**Records excerpted from a collection**

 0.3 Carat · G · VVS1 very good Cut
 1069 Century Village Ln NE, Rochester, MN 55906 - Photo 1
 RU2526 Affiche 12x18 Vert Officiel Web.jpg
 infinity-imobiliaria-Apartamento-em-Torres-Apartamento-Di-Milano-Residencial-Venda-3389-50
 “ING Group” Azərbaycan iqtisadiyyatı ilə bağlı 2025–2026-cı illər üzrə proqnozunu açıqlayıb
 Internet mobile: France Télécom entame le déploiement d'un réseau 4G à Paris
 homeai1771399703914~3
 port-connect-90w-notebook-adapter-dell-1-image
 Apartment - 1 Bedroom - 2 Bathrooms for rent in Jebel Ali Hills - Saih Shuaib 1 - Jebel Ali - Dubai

---

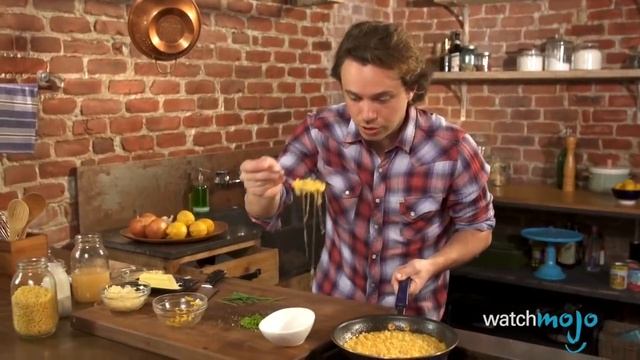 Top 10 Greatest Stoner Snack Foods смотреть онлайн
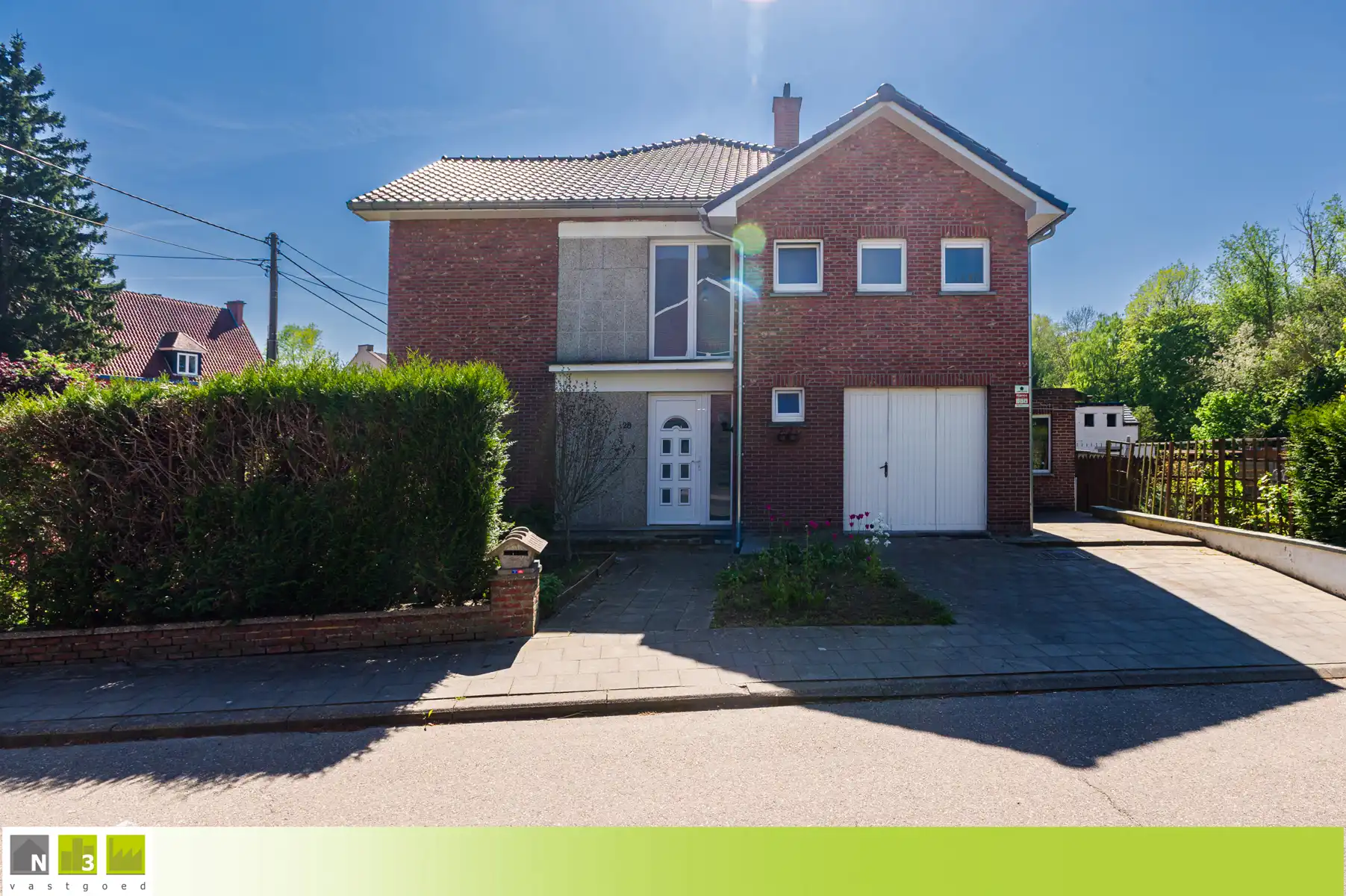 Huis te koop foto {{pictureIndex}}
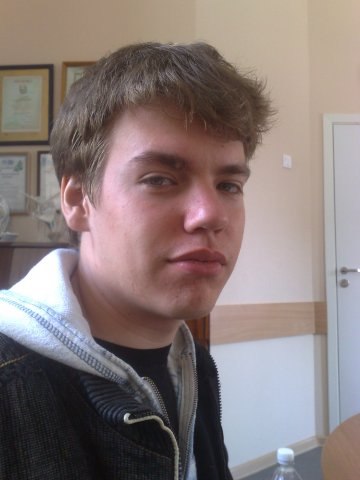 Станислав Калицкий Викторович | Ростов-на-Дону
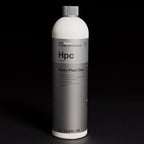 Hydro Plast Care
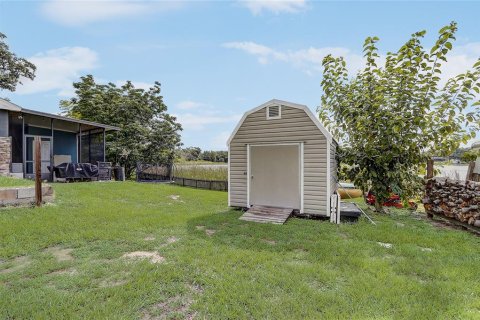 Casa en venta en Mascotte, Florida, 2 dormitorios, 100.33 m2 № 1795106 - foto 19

**Exercise directions**
Only the lines above starting with the one with "1069 Century Village" and going through the one with "port-connect-90w-notebook-adapter-dell-1-image" are to be copied, word for word and with both ends kept.

**Response box**
 1069 Century Village Ln NE, Rochester, MN 55906 - Photo 1
 RU2526 Affiche 12x18 Vert Officiel Web.jpg
 infinity-imobiliaria-Apartamento-em-Torres-Apartamento-Di-Milano-Residencial-Venda-3389-50
 “ING Group” Azərbaycan iqtisadiyyatı ilə bağlı 2025–2026-cı illər üzrə proqnozunu açıqlayıb
 Internet mobile: France Télécom entame le déploiement d'un réseau 4G à Paris
 homeai1771399703914~3
 port-connect-90w-notebook-adapter-dell-1-image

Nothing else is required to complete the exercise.